29/04/2026
On March 18, 2026, Athens International Airport became the scene of what the Associated Press described as an animal airlift, as a special Aegean Airlines charter flight from Abu Dhabi landed carrying 101 Greek evacuees and 45 of their cats and dogs — people who had been trapped by the escalating US-Israeli conflict with Iran and couldn't find a single commercial flight that would accept their animals in cabin or cargo, forcing them to choose between leaving their home and leaving their pets.
The Greek government organized the flight after the interior and foreign ministries spent days working through the logistics, with the Interior Ministry's Special Secretary for the Protection of Companion Animals stating plainly that pets are part of families and that the goal was for animals and people to return home safely together.

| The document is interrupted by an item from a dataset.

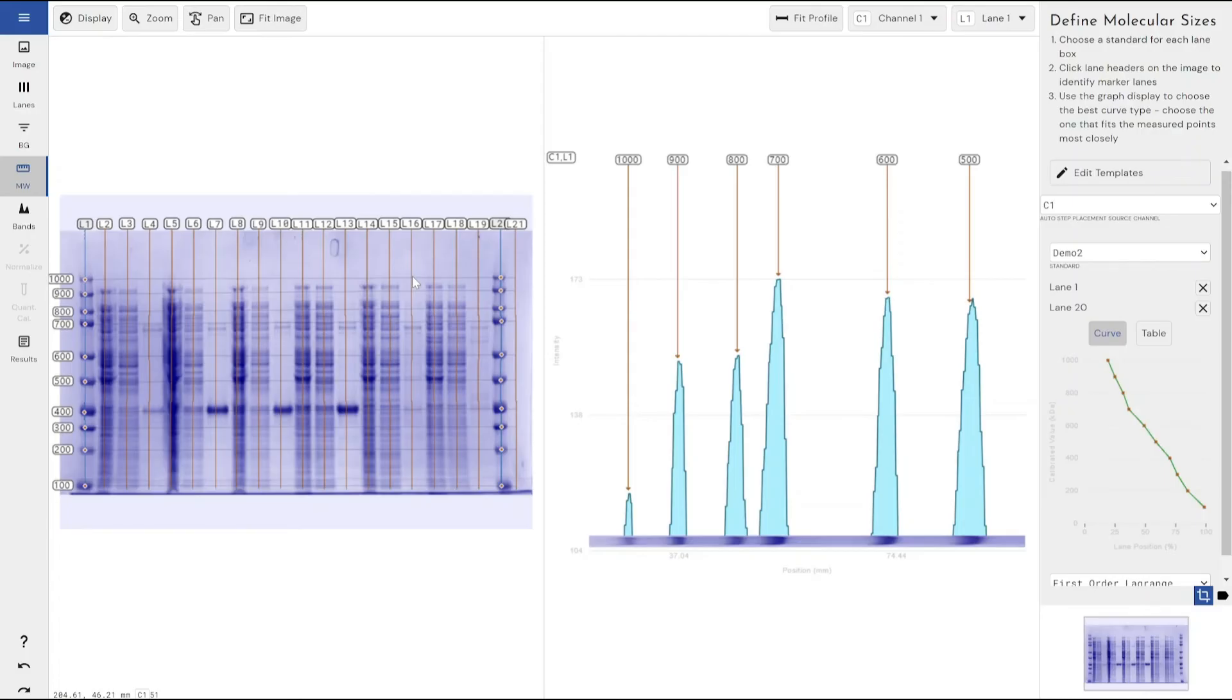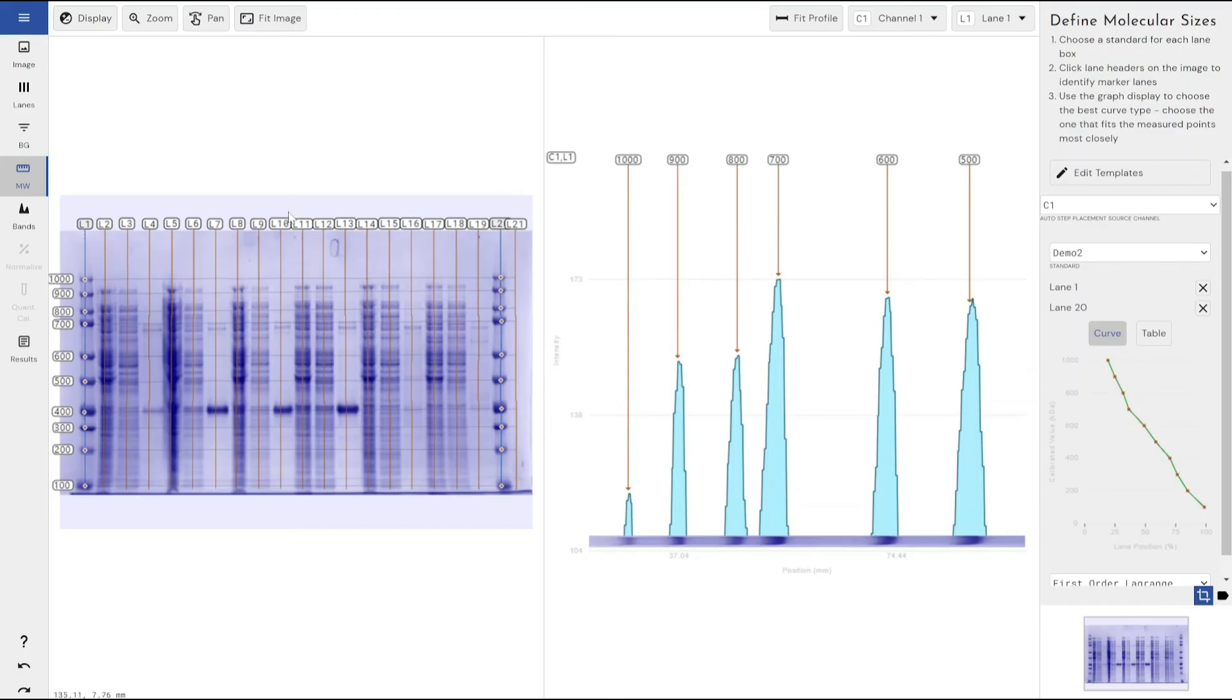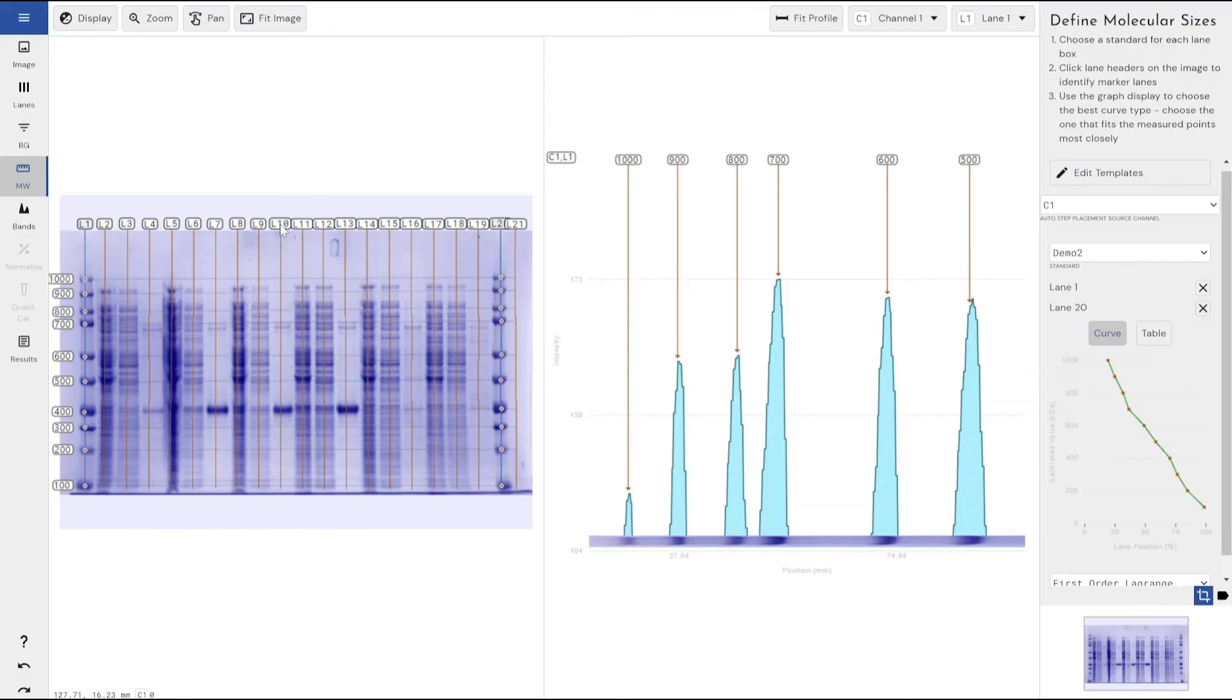The benefit of having multiple molecular weight marker lanes within the same image, within the same gel, is that the software will use both of these points, if you've got two, or if you've got three, you can drop another one in the middle. It will join up those points and accommodate mathematically for any curve that's occurred within your gel.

When the plane landed, the scene on the tarmac was described as unfiltered delight: small dogs burst from their travel crates and scrambled into their owners' arms, cats stunned by the Greek sunlight let nervous hands stroke them before beginning to purr, and passengers who had spent days under explosions and airspace closures broke into applause the moment the wheels touched down.
One passenger, who had rescued a 12-year-old terrier mix from a shelter in Abu Dhabi, said every other evacuation flight had treated pets as excess cargo — this one refused to leave anyone behind.